The discovery of a new "blindness" gene could help doctors save thousands of people's sight, UK scientists hope.
A second 'culprit' gene was found
A team at Leeds University located the faulty DNA code behind a rare form of retinal disease that runs in families.
In turn, this should enable doctors to understand and treat more common forms of blindness affected by the growth of abnormal eye blood vessels, they say.
Their research, which is ongoing, is published in the American Journal of Human Genetics.

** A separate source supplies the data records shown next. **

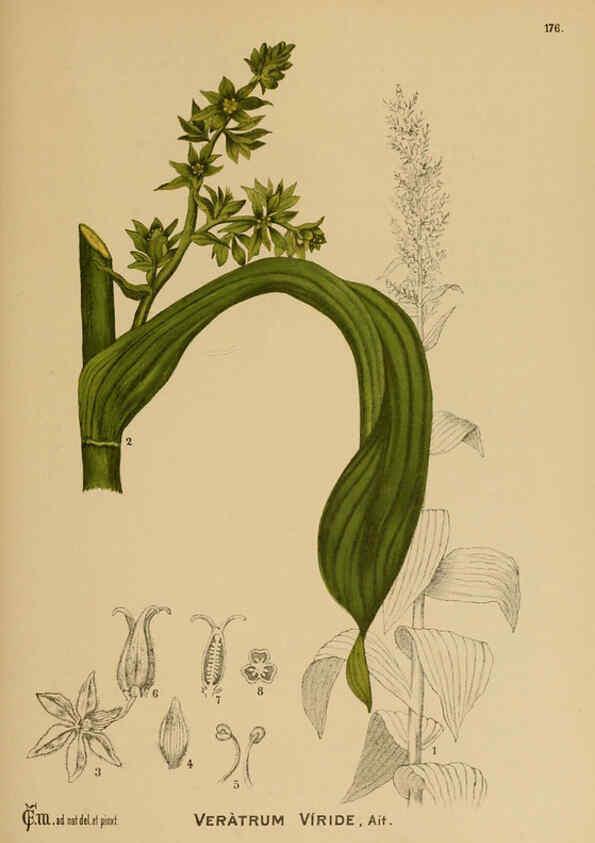 Reproducción/Reproduction 6025444583: American medicinal plants New York,Boericke & Tafel,c1887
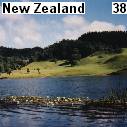 Water lilies on Lake Okaihau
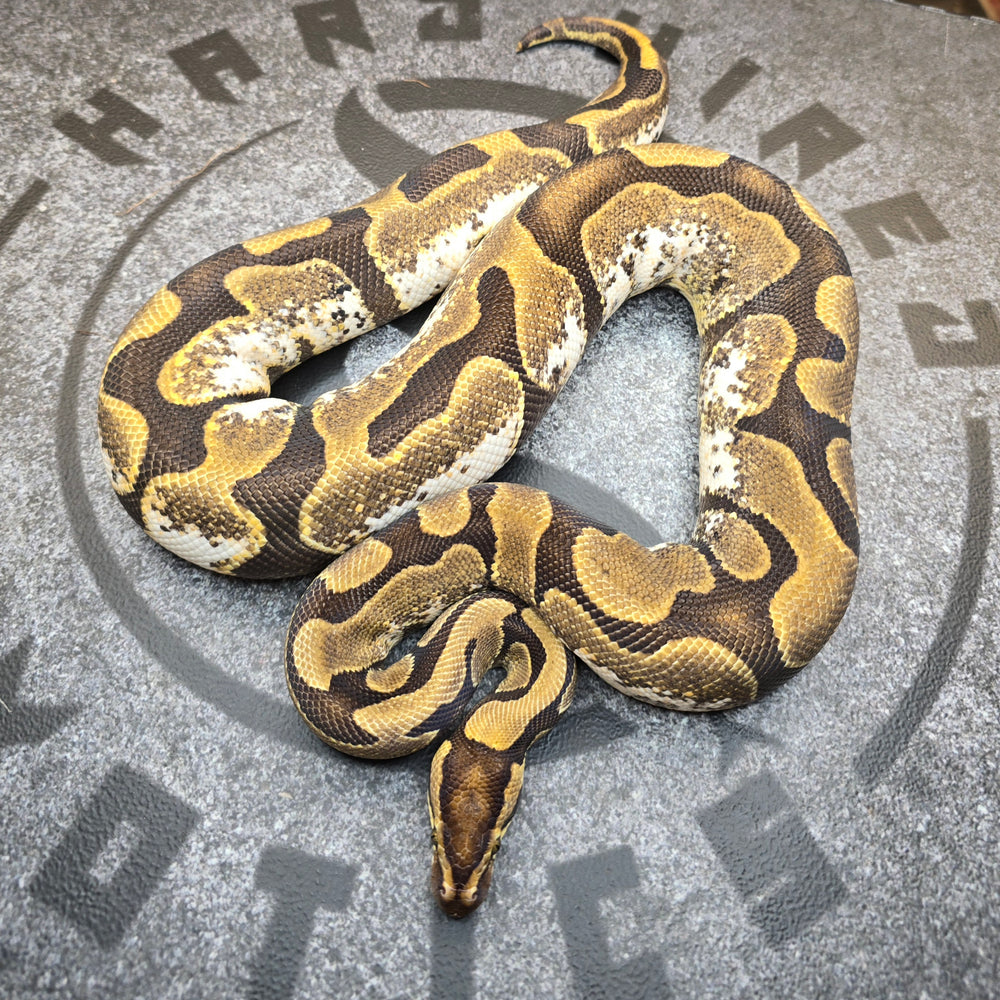 Proven Breeder "The Calico" line Calico het Lavender Albino female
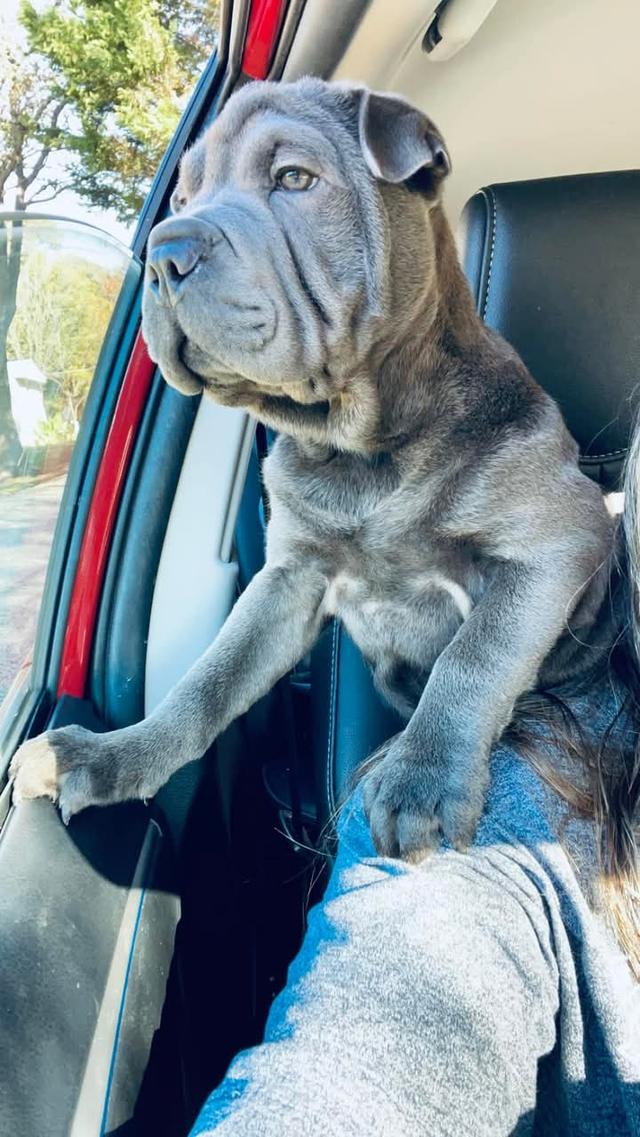 ขาย Shar Pei สีดำ 2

They looked at people who had inherited a condition called familial exudative vitreoretinopathy (FEVR).
In this disease the vessels of the eye do not grow in the normal way, which can lead to blindness depending on how severe the problem is.
Scientists had already pinpointed one gene on chromosome 11 that appeared to cause FEVR.
However, Dr Carmel Toomes and colleagues at Leeds University noted that this gene did not explain all cases of FEVR.
When they looked closer they found a second gene on the same chromosome that was linked to the condition.
Although this is a very rare disease, the implications of the findings are far reaching, say the researchers.
Cures in sight
They hope it will lead to earlier detection and intervention and possibly new treatments for things such as diabetic retinopathy and age-related macular degeneration, which are the leading causes of blindness in the western world.
Dr Toomes said: "If we can understand the molecules that cause blood vessel development by looking at FEVR that might help us piece together the pathway for normal blood vessel growth and abnormal blood vessel growth."
She said they had been given a grant to investigate whether similar genes might also be implicated in blindness in premature babies.
Mr Andrew Webster, consultant ophthalmologist at Moorfields Hospital in London, said: "This is an important discovery in that it has identified the underlying cause of a blinding disorder.
"These findings enable doctors to better understand the nature of this rare condition.
"Furthermore, the identification of these two genes also helps us to understand the processes that take place early in life that are responsible for the development of a normal, functioning retina."
Nick Astbury, president of the Royal College of Ophthalmologists, said: "This research could lead to improved genetic tests, diagnostics, management and counselling for people with FEVR, and may contribute to decreasing the risk of becoming blind by allowing early detection of the condition in those at risk.
"Eventually, this may help identify new treatments for other vascular eye diseases, such as diabetic retinopathy."